How to complete this task — From the records that follow, return exactly the lines beginning at the one that contains "Adidas F50 Elite" and ending at the one that contains "4250359 ảnh đại diện 1", pictures left out.

Input records —
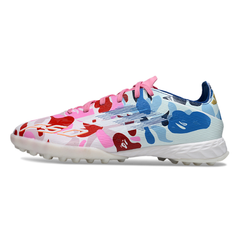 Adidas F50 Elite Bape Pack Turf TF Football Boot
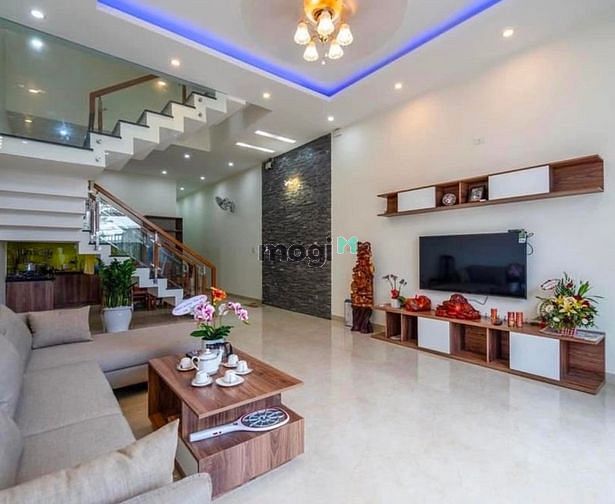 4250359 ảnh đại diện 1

--

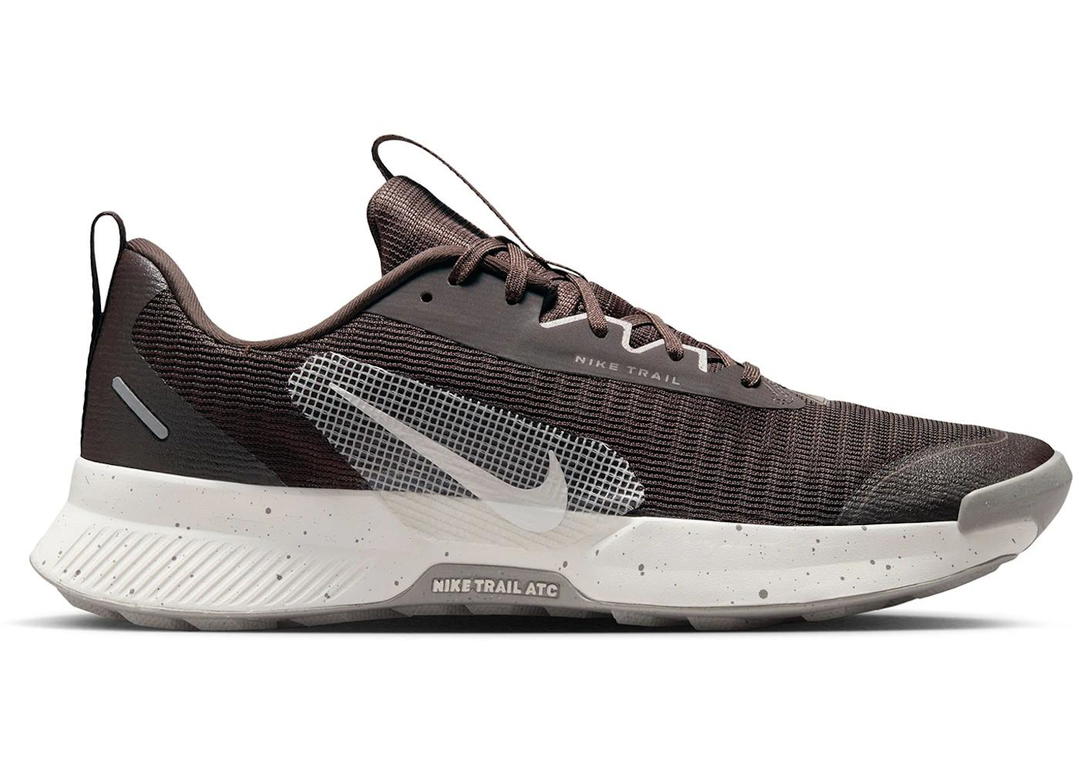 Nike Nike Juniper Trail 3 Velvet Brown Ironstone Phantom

* * *

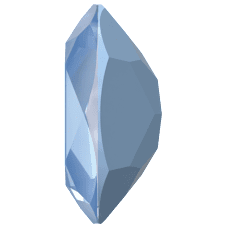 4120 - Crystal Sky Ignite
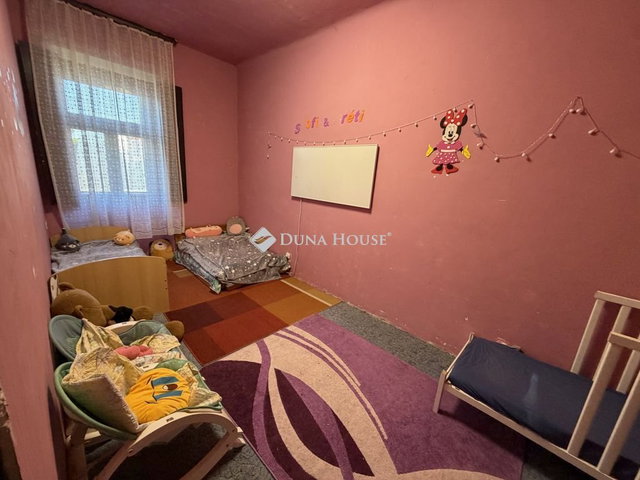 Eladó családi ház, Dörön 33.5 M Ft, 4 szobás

Result below —
 Adidas F50 Elite Bape Pack Turf TF Football Boot
 4250359 ảnh đại diện 1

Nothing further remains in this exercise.